## WHAT THE TASK ASKS
Transcribe every entry word for word, but skip the images.

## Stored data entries

<<<<

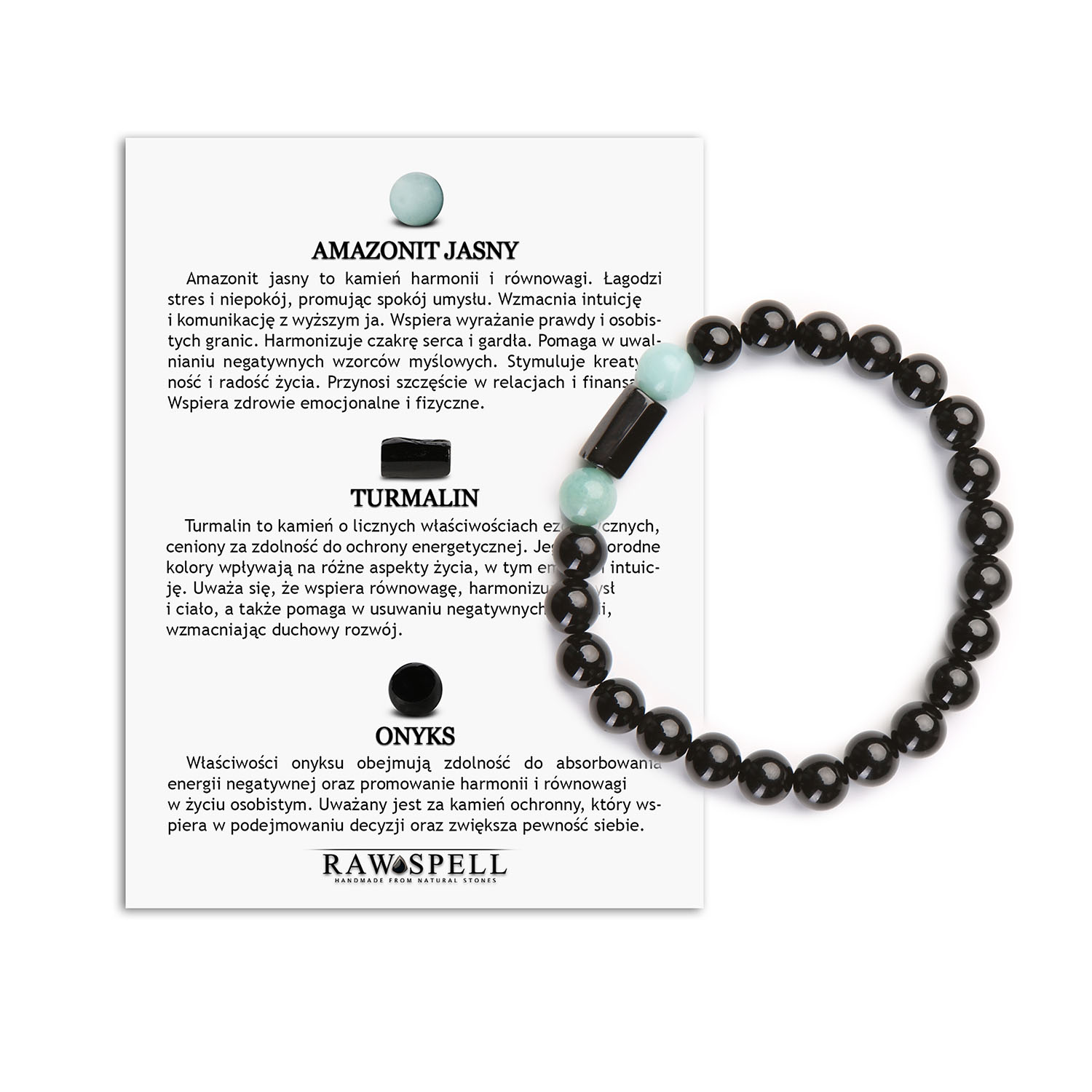 Naturalna Bransoletka z Amazonitu Jasnego, Turmalinu i Onyksu - Kolekcja Arsil Stylowa bransoletka z kamieni naturalnych w kolorach jasnego amazonitu, turmalinu i onksu - Kolekcja Arsil.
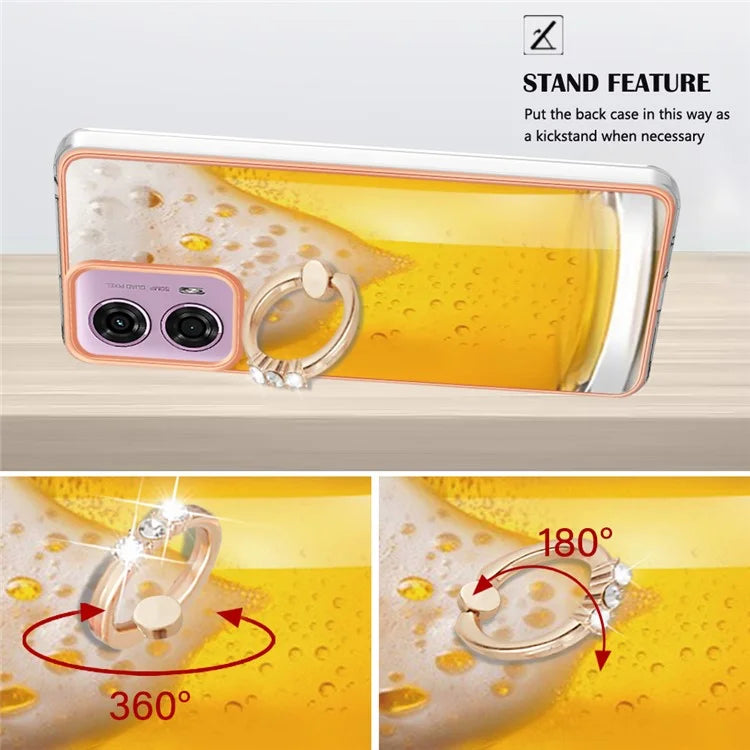 YB IMD Series-20 Style D for Motorola Moto E14 4G / G04 4G / G04s 4G / G24 4G Case Kickstand 2.0mm TPU Cover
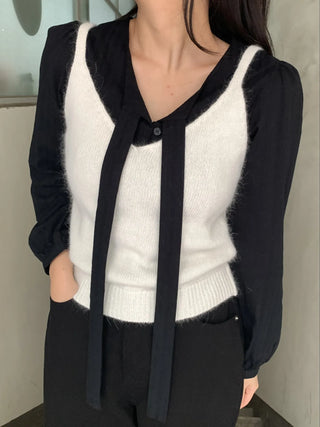V-neck Knit Sleeveless Top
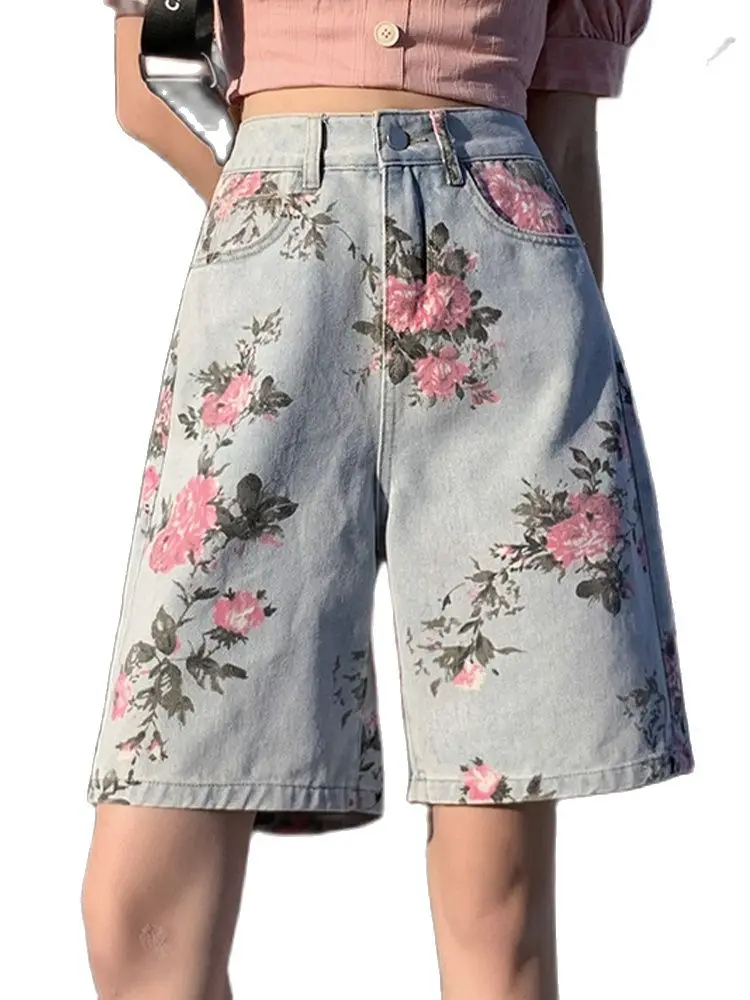 Casual Jeans 2022 Summer New Rose Denim Five-Point Pants Loose Wide-Leg Denim Pants Korean Fashion Women'S Clothing
Casual Jeans 2022 Summer New Rose Denim Five-Point Pants Loose Wide-Leg Denim Pants Korean Fashion Women'S Clothing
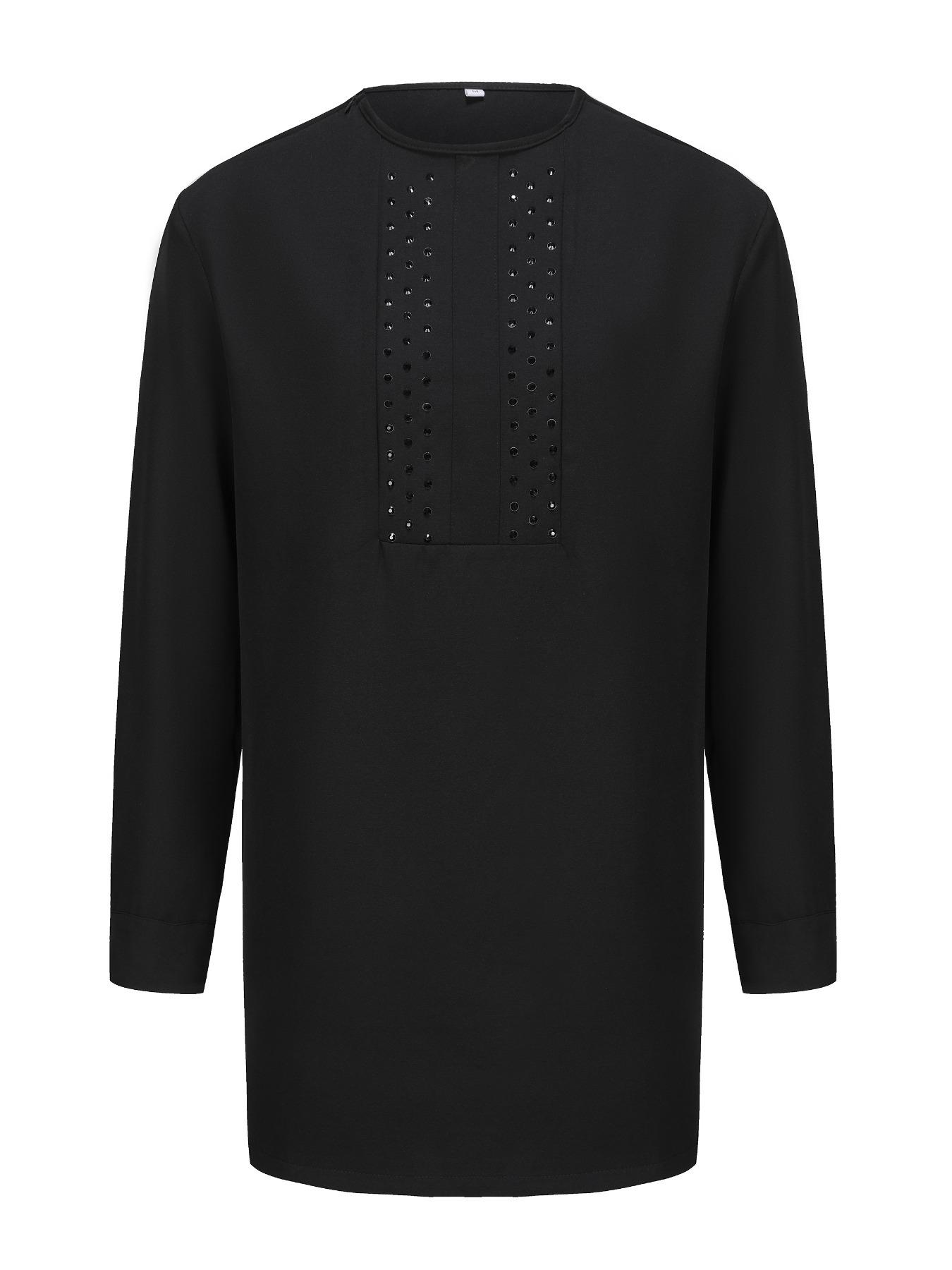 Men's Black round Neck African - Ethnic Style ulasan dan harga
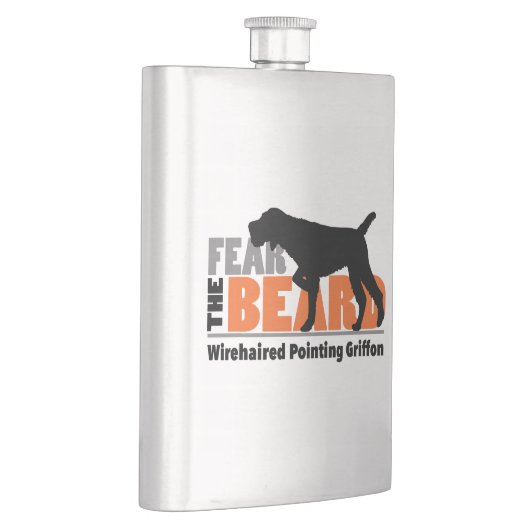 ひげ- Wirehaired指すことGriffon --を恐れて下さい フラスク (右)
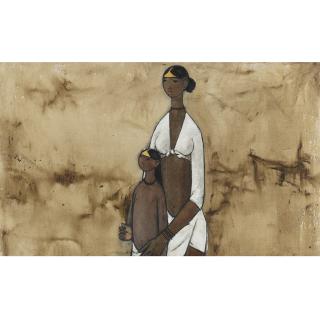 B. Prabha - Untitled (Woman And Child)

>>>>

## RESPONSE TO THIS TASK
 Naturalna Bransoletka z Amazonitu Jasnego, Turmalinu i Onyksu - Kolekcja Arsil Stylowa bransoletka z kamieni naturalnych w kolorach jasnego amazonitu, turmalinu i onksu - Kolekcja Arsil.
 YB IMD Series-20 Style D for Motorola Moto E14 4G / G04 4G / G04s 4G / G24 4G Case Kickstand 2.0mm TPU Cover
V-neck Knit Sleeveless Top
 Casual Jeans 2022 Summer New Rose Denim Five-Point Pants Loose Wide-Leg Denim Pants Korean Fashion Women'S Clothing
Casual Jeans 2022 Summer New Rose Denim Five-Point Pants Loose Wide-Leg Denim Pants Korean Fashion Women'S Clothing
 Men's Black round Neck African - Ethnic Style ulasan dan harga
 ひげ- Wirehaired指すことGriffon --を恐れて下さい フラスク (右)
 B. Prabha - Untitled (Woman And Child)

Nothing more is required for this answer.